If we examine G5 (i.e. US, UK, Eurozone, Japan and Switzerland) Central Bank balance sheets, these have already expanded from the low of US$15.8 trillion in September 2019 to US$19.2 trillion by the middle of April. In other words, in just over six months, CBs have pumped over US$3.5 trillion of extra liquidity, or equivalent to the incremental liquidity supplied over an almost two-year period after the new Plaza Accord in February 2016.
At the current pace, public sector liquidity is already galloping at ~15% clip when compared to declines experienced for almost 18 months until September 2019. Although there are a lot of ‘smoke and mirrors’, and the pace remains discretionary, it seems highly likely that between backstopping almost every asset class as well as ensuring an orderly functioning of the Repo market, G5 central banks will extend their balance sheets by at least US$9-10 trillion through 2020 (CB assets rising from 36% to ~60% of GDP), keeping public sector liquidity growing at a 15%-20% clip, which is far more than pre-COVID nominal GDP growth rates for advanced economies of ~4%. All of this extra liquidity will need to find a home, and while some of it will be financing direct government spending, at least half will probably end-up in various asset classes. Also, unlike 2016-18, this time around, most of the liquidity is provided by the Federal Reserve rather than ECB or BoJ, which is far more important from a global reflationary perspective.
Thus, we maintain that the key risks facing the global economy is not the traditional balance sheet bugbears, such as overleveraged consumers or corporates, excessive real estate bubbles or undercapitalized banks, but rather ability and willingness of Central Banks and fiscal authorities to identify and corral excessive volatilities within the ‘cloud of finance’, and ensure that financial volatility does not spill over into real economies. CBs are not aiming for higher asset prices, other than to ensure that holistically defined assets do not suffer from uncontrollable value erosion, and the best way to do this is to control volatilities. Thus far, CBs have been relatively successful in that task, and even though most risk factors remain quite extended, at the very least, a significant rise in volatilities through February and March have been contained.
For example, banking and commercial risks (as measured by OIS and TED spreads) while remaining exceptionally high, have somewhat de-risked in the first half of April. The same occurred in most segments of the high yield market, whether we look at CCC or below, average or EM HY spreads. Also, basis points (or price of swapping currencies) returned to relatively benign levels. The same occurred with a number of key volatility indicators (such as VIX or MOVE).
In summary, while uncertainties are high and most risk indicators remain highly elevated, at this stage some easing of COVID-19 pressures and a great deal of monetary support as well as indications that petrodollar pressures might ease, has led to a moderation of credit and balance sheet risks. While there is no doubt that the latest IMF estimates2 are correct (i.e. it will take until 2022 for global economies to return back to pre-COVID levels, and if there is a strong second wave, it might take even longer), the key to the investment strategies is not so much the strength of recovery but rather the urgent need to stop looking into the abyss.

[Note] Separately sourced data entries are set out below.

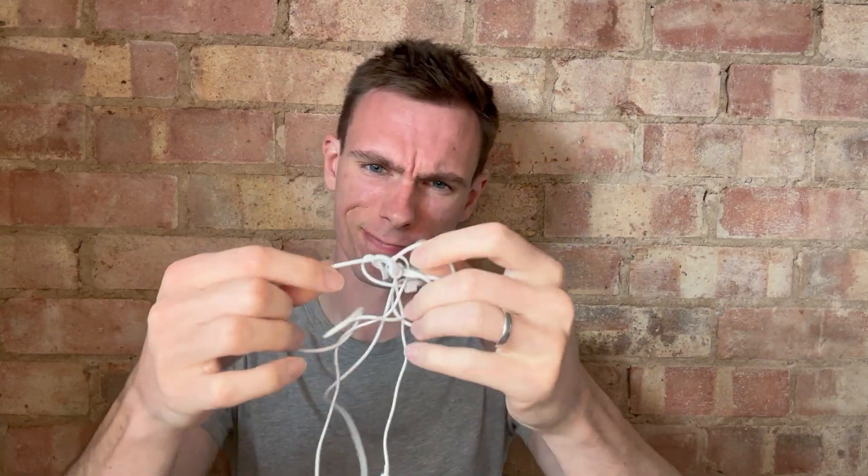And both of them are great headsets to choose from, so really it comes down to you and what you need to use them for. Hopefully this helps you out.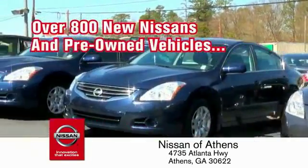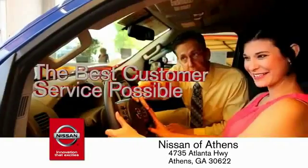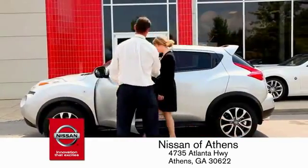And a variety of pre-owned vehicles. Every deal backed by our promise to give you an honest quote and the best customer service possible. Plus, if Nissan of Athens doesn't have the vehicle you want in stock, we'll find it and deliver it right to your door.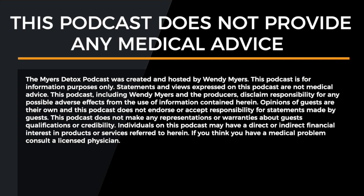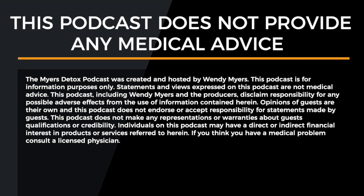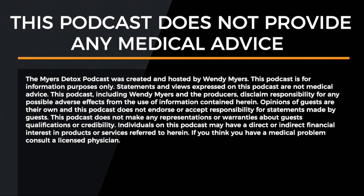The Myers Detox Podcast is created and hosted by Wendy Myers. This podcast is for information purposes only. Statements and views expressed on this podcast are not medical advice. This podcast, including Wendy Myers and the producers, disclaim responsibility for any possible adverse effects from the use of information contained herein. Opinions of guests are their own. If you think you have a medical problem, consult a licensed physician.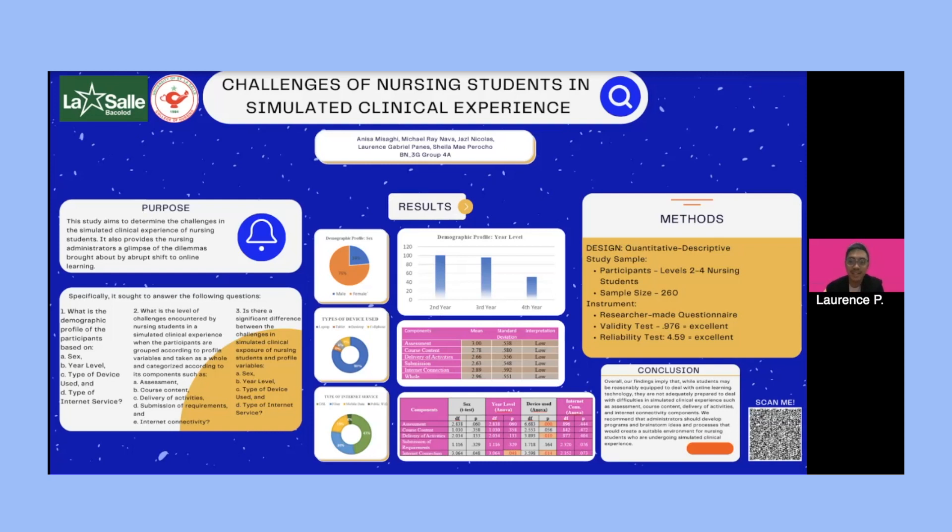For the conclusions: the challenges in simulated clinical experience, as reported by both sexes, involved difficulties with different components. In terms of device type, the majority of nursing students used laptops and cell phones during online learning. Across all year levels, participants reported difficulties in simulated clinical experience. In assessment, participants reported being assessed differently. Overall, findings imply that while students may be reasonably equipped to handle online learning technology, they are not adequately prepared for difficulties in simulated clinical experience such as assessment, course content, delivery of activities, and internet connectivity.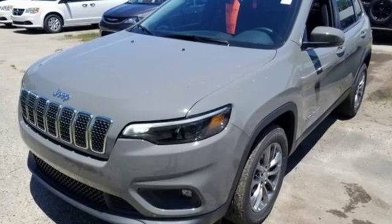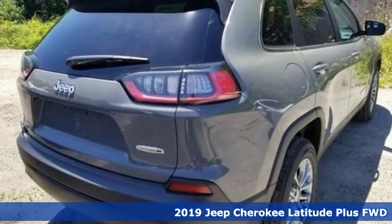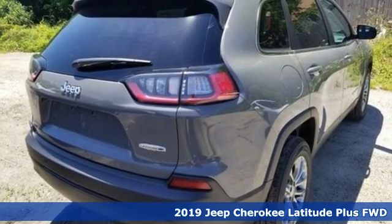Here's a new 2019 Jeep Cherokee. The Jeep life fits your life. And with features like these, every drive's a pleasure.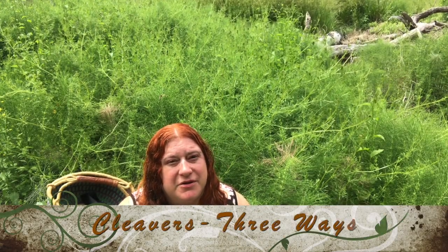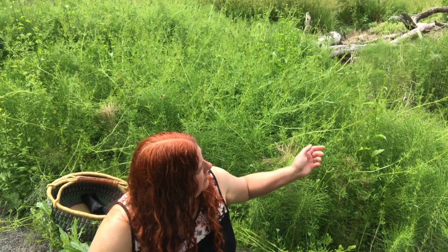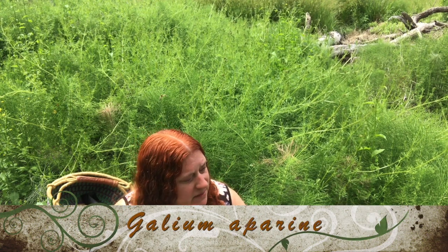Hello, I'm Dr. Mindy Currie. I'm a naturopathic doctor in Portland, Oregon. I do house calls in the greater Portland area. And I'm out here in the wetland today to tell you all about cleavers, or Galium aparine. It's a wonderful herb, a spring tonic that's perfect to pick this time of year.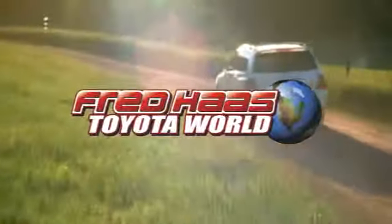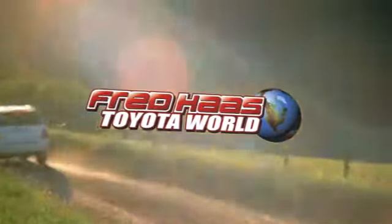Fred Haas Toyota World has been a hallmark of our community for more than 40 years. Easy to find on I-45 North at Luetta, just 2 miles north of 1960.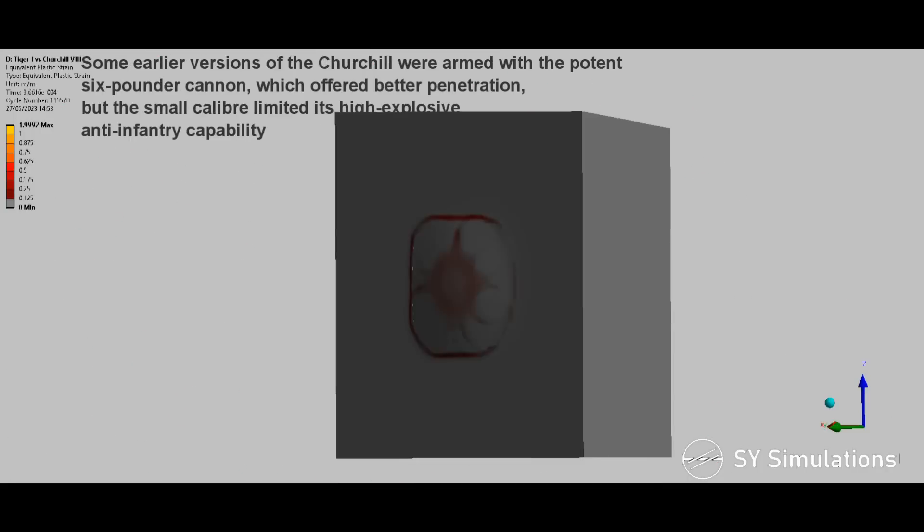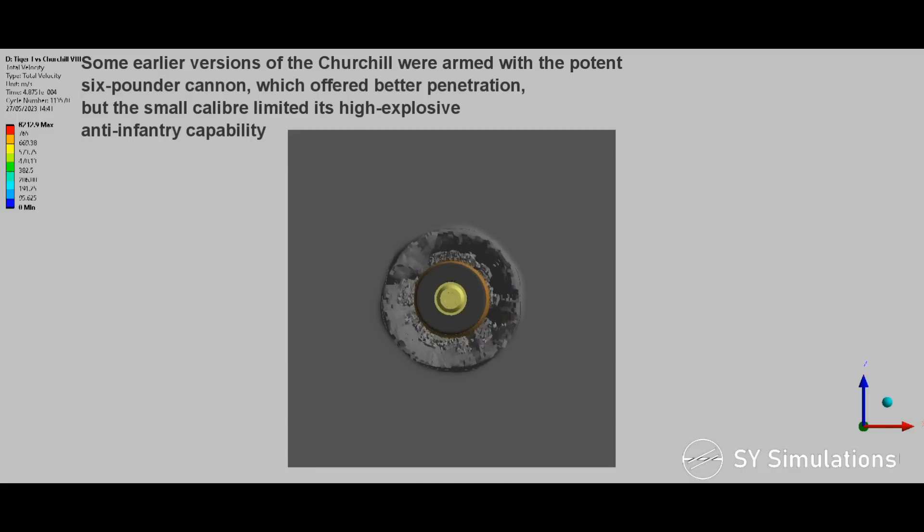Some earlier versions of the Churchill were armed with the potent 6-pounder cannon, which offered better penetration, but the small caliber limited its high-explosive anti-infantry capability.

Our base case remains one of a protracted recovery, but we do not believe that inflationary pressures will cause any significant grief for investors. The key remains the ability of central banks to contain volatilities and avoid an uncontrolled cross-asset liquidation, prompted by a highly de-stabilizing mix of ETF, parity and volatility indices as well as computerized and algo trading.
In short, communism is here. Buy it if you dare!